— Прошу прощения, мисс.
Кейт испуганно отдернула голову от окна — прислонившись к стеклу, сидя в уютном мягком кресле, она не заметила, как уснула под мерный, однообразный перестук колес.
Склонившийся над ней человек в темной униформе и высокой форменной фуражке вдруг показался ей огромным. Ее взгляд фиксировал карточку охранника на груди, а слух — характерное позвякивание ключей на поясной цепочке. Она всем телом вжалась в сиденье, помертвев от ужаса. Во рту пересохло, она не могла произнести ни слова. За окном расстилались огромные покрывала бескрайних желтых нив и зеленого разнотравья. Видимо, ей не суждено узнать этого приволья. Они пришли забрать ее обратно. Освобождение оказалось лишь досадным недоразумением. Сейчас на ней защелкнутся наручники.

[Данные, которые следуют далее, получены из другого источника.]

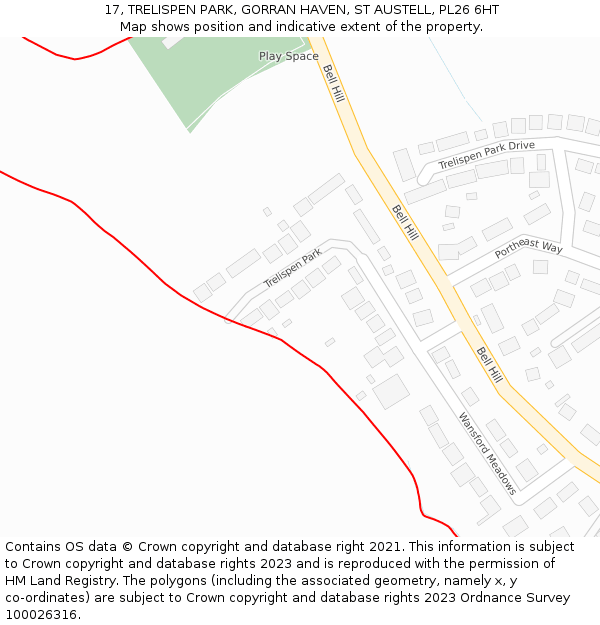 17, TRELISPEN PARK, GORRAN HAVEN, ST AUSTELL, PL26 6HT: Location map and indicative extent of plot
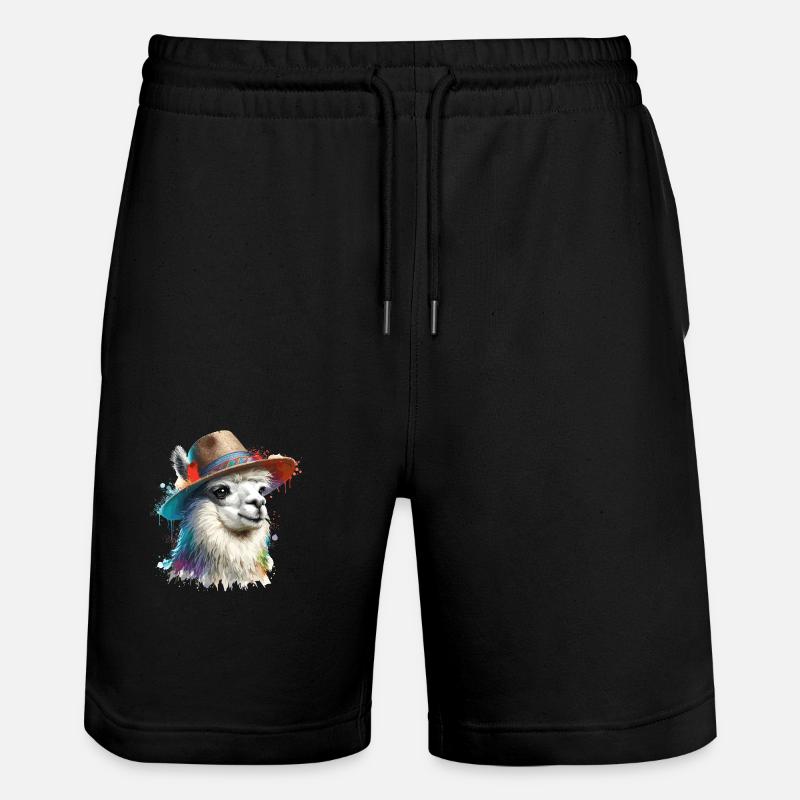 Lama avec chapeau - Short de jogging bio TRAINER Stanley/Stella unisexe - noir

В колонии ходило множество историй о повторных арестах прямо у тюремных ворот. Один из типичных параноидальных страхов колонисток, порождаемых полной изоляцией от внешнего мира. С другой стороны, повторный арест — достаточно широко распространенное явление. По закону взять бывшего заключенного под арест дозволяется даже в тот момент, когда он, покинув тюремные стены, едва успел выйти на вольный воздух.
— Мой тебе совет — не рискуй, — наставляла ее Джоанна. — Пусть тебя встретят друзья. Или адвокат. — Джоанну трижды арестовывали именно таким образом. Она относилась к этому спокойно, все знали, что в тюрьме ей жилось лучше, она и не скрывала этого. Она никогда особенно не рвалась на свободу, поэтому могла позволить себе дерзко игнорировать допросы. Как-то в разговоре она обмолвилась о том, что в уплату кредита, полученного по подложным документам, муниципалитет лишил ее права собственности на квартиру в то время, когда она отбывала свою четвертую ходку. А перспектива начинать все сначала ее не прельщала. — Что толку обивать пороги инстанций органов соцобеспечения и хлопотать о ссуде, если я прекрасно знаю, что рано или поздно опять сорвусь? Что зря стараться-то? — Она рассмеялась скрипучим смехом. — Стара я уже стала, поздно начинать сначала.
Никто не пришел ее встретить, хотя она написала отцу и несколько раз пыталась дозвониться. Сорок пять минут неразберихи в приемном пункте, и она — вольная птица. В 9.12 утра Кейт миновала белые решетчатые заграждения и зашагала прочь от мрачного здания из красного кирпича, прочь от зеленой лужайки. Прочь от тюремных корпусов и узкого проема между ними, куда какая-то разъяренная заключенная сегодня утром швырнула из окна горшок с розовой примулой на кучу хлама из разбитых тарелок и разорванных журналов.
Выйдя за тюремные ворота, она поставила чемодан на обочину дороги и осмотрелась вокруг.
По совету Дэвида Джерроу она ни разу не обернулась в сторону тюрьмы. Прохожие спешили по своим делам, не проявляя к ней ни малейшего интереса. Толкая перед собой детскую коляску, мимо нее пробежала молодая негритянка. Постукивая тростью по тротуару, прошел пожилой мужчина в черном берете. Собравшись с мыслями, Кейт вскинула руку, чтобы поймать такси: нужно было добраться до Паддингтона, так ее инструктировала Нуни. Робкие попытки не сразу увенчались успехом, ей пришлось стоять на дороге довольно долго.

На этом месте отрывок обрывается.